Items from a dataset

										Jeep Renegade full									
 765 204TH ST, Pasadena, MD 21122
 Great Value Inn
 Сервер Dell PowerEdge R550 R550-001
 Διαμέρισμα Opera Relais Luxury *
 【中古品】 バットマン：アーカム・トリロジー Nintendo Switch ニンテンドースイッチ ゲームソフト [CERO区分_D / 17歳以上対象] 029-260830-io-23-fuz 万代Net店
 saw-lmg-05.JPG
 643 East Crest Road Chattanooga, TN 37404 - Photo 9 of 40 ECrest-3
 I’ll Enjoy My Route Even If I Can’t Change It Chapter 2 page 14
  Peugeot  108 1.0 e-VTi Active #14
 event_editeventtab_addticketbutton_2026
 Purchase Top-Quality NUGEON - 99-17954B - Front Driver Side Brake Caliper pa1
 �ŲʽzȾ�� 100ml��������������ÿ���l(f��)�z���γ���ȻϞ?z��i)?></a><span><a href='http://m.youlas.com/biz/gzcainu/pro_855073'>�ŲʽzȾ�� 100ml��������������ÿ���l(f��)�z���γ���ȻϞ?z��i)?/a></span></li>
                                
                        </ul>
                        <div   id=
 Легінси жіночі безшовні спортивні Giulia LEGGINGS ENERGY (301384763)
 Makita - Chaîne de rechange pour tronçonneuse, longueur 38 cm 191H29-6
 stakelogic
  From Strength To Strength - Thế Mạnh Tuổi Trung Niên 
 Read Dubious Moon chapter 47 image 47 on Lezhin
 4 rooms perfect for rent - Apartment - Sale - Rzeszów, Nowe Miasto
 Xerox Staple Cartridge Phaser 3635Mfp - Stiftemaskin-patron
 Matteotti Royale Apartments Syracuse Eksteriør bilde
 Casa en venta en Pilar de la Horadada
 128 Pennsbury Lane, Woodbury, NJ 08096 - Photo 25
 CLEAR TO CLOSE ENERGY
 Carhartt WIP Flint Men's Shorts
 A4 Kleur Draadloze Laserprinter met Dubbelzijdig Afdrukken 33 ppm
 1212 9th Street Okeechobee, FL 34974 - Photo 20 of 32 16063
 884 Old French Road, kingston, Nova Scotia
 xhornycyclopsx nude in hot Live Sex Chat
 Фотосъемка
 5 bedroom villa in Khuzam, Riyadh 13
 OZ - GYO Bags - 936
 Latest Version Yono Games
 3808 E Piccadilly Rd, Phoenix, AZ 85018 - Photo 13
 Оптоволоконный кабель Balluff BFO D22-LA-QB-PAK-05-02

→ **EXERCISE**
All that is needed is the exact run of lines above from the line containing "Read Dubious Moon" through the line containing "OZ - GYO Bags - 936", both of them included.

→ **WRITTEN RESPONSE**
 Read Dubious Moon chapter 47 image 47 on Lezhin
 4 rooms perfect for rent - Apartment - Sale - Rzeszów, Nowe Miasto
 Xerox Staple Cartridge Phaser 3635Mfp - Stiftemaskin-patron
 Matteotti Royale Apartments Syracuse Eksteriør bilde
 Casa en venta en Pilar de la Horadada
 128 Pennsbury Lane, Woodbury, NJ 08096 - Photo 25
 CLEAR TO CLOSE ENERGY
 Carhartt WIP Flint Men's Shorts
 A4 Kleur Draadloze Laserprinter met Dubbelzijdig Afdrukken 33 ppm
 1212 9th Street Okeechobee, FL 34974 - Photo 20 of 32 16063
 884 Old French Road, kingston, Nova Scotia
 xhornycyclopsx nude in hot Live Sex Chat
 Фотосъемка
 5 bedroom villa in Khuzam, Riyadh 13
 OZ - GYO Bags - 936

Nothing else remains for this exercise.